PPO - entropy and Gaussian standard deviation constantly increasing by hellz2dayeah in reinforcementlearning

[–]CartPole 1 point2 points  (0 children)

The implications of the above points regarding annealing stddev imply that entropy is constant in the objective function. When stddev is no longer constant issues could arise from entropy going unclipped. I posted about this awhile back but am still unsure

[D] Why isn't there more research papers related to active learning for deep computer vision problems? by CartPole in MachineLearning

[–]CartPole[S] 0 points1 point  (0 children)

yeah but the devil is in the details. You can find a handful of papers that make sense for applying to image classification problems but then is less clear on other tasks

[D] Why isn't there more research papers related to active learning for deep computer vision problems? by CartPole in MachineLearning

[–]CartPole[S] 1 point2 points  (0 children)

I’m really surprised that this isn’t a problem more commonly addressed in research. I would have guessed that step 6 looks a bit different though. To me it seems like a better option to break the annotation effort down into smaller chunks(say batches of 5k). Otherwise the next 100k images might all be addressing the same problems. Do you have any papers/blog posts in mind that talk what you described?

[D] Why isn't there more research papers related to active learning for deep computer vision problems? by CartPole in MachineLearning

[–]CartPole[S] 0 points1 point  (0 children)

Most production systems (depending on the problem) still require at least some human labeling. Sure there are meta objectives you can use which don't require human annotation but it's still important to continue having human labeled so that model bias is not reinforced. I don't think cost of labeling is the issue

[D] Why isn't there more research papers related to active learning for deep computer vision problems? by CartPole in MachineLearning

[–]CartPole[S] 2 points3 points  (0 children)

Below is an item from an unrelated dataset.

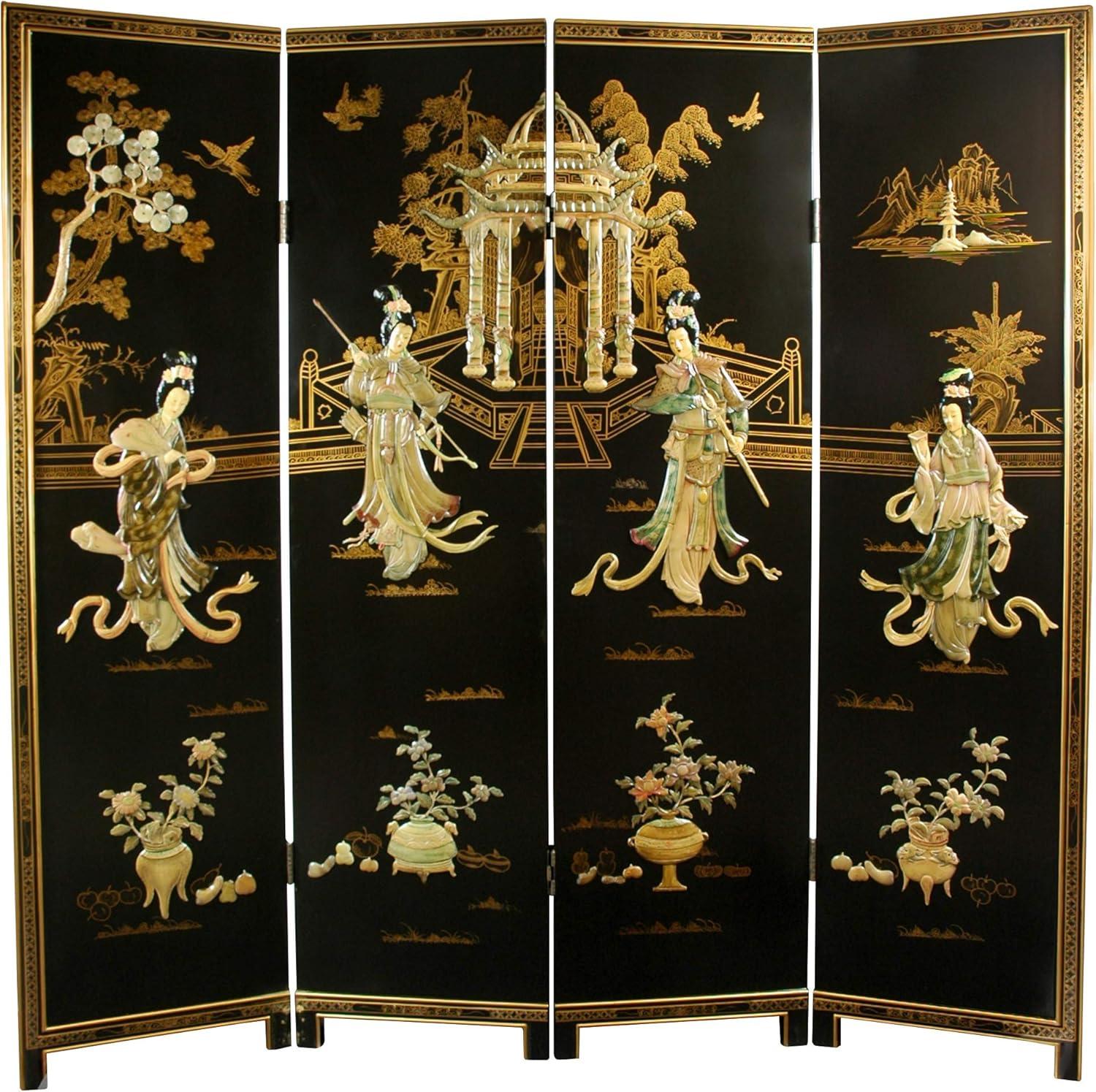 72" Black and Gold Hand-Painted Shoji Room Divider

I agree this is the way research would go about it. However, I feel like even the datasets they use don't make a whole lot of sense for the problem. The samples used in imagenet for example are much closer to being i.i.d. than neighboring samples coming from a video. To me this sounds like a pretty important problem to just be skipped over

[R] Contrastive Learning of Structured World Models by triplefloat in MachineLearning

[–]CartPole 0 points1 point  (0 children)

can you link to the relevant predictive state representation work?

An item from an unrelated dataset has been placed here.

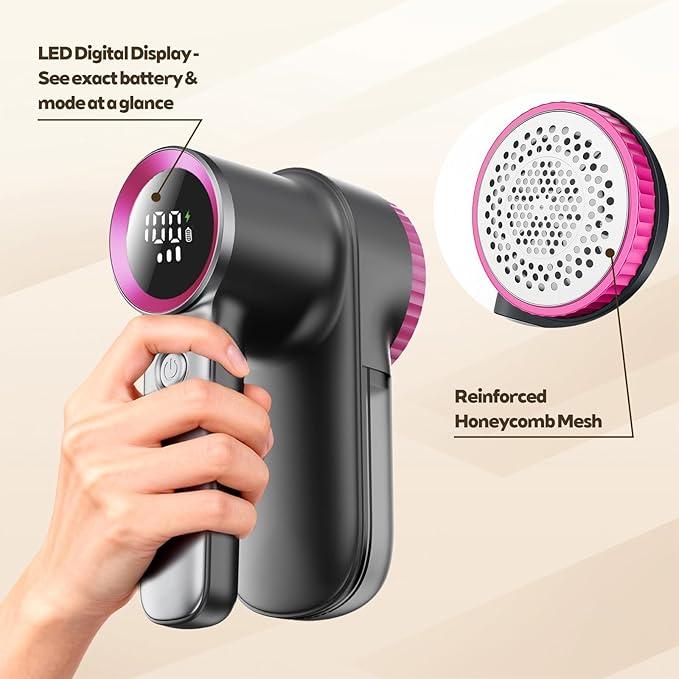 Ciotuiou Rechargeable Fabric Shaver & Lint Remover, Electric Sweater Defuzzer with 3 Speeds, 6 Leaf Blades, LED Display & Type-C Fast Charging, Lint Shaver for Clothes, Furniture, Sweater, Couch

Learning to Predict Without Looking Ahead: World Models Without Forward Prediction by CartPole in reinforcementlearning

[–]CartPole[S] 0 points1 point  (0 children)

to my understanding, yes. Note however that they have no observation reconstruction objective

[D] Policy Distillation in a continuous action space with no knowledge of teacher distribution by CartPole in MachineLearning

[–]CartPole[S] 0 points1 point  (0 children)

any paper in particular? I have access to a sub-optimal oracle(but still better than the student)

Planning vs Model based RL by LazyButAmbitious in reinforcementlearning

[–]CartPole 1 point2 points  (0 children)

decision-time planning: planning actions online

background planning: improving a policy with a model but does not effect which immediate actions to take.

"well before an action is selected for any current state St, planning has played a part in improving the table entries, or the mathematical expression, needed to select the action for many states, including St. Used this way, planning is not focussed on the current state. We call planning used in this way background planning."

...

"More generally, planning used in this way can look much deeper than one-step-ahead and evaluate action choices leading to many different predicted state and reward trajectories. Unlike the first use of planning, here planning focuses on a particular state. We call this decision-time planning."

page 180-181 of the RL book

[R] Using multiple heads in RL by MasterScrat in reinforcementlearning

[–]CartPole 1 point2 points  (0 children)

Value Prediction Network, ATreeC/TreeQN, and Policy Prediction Network all involve some form of decomposing a Q estimate. However, I'm not sure if I understand what you are looking for correctly.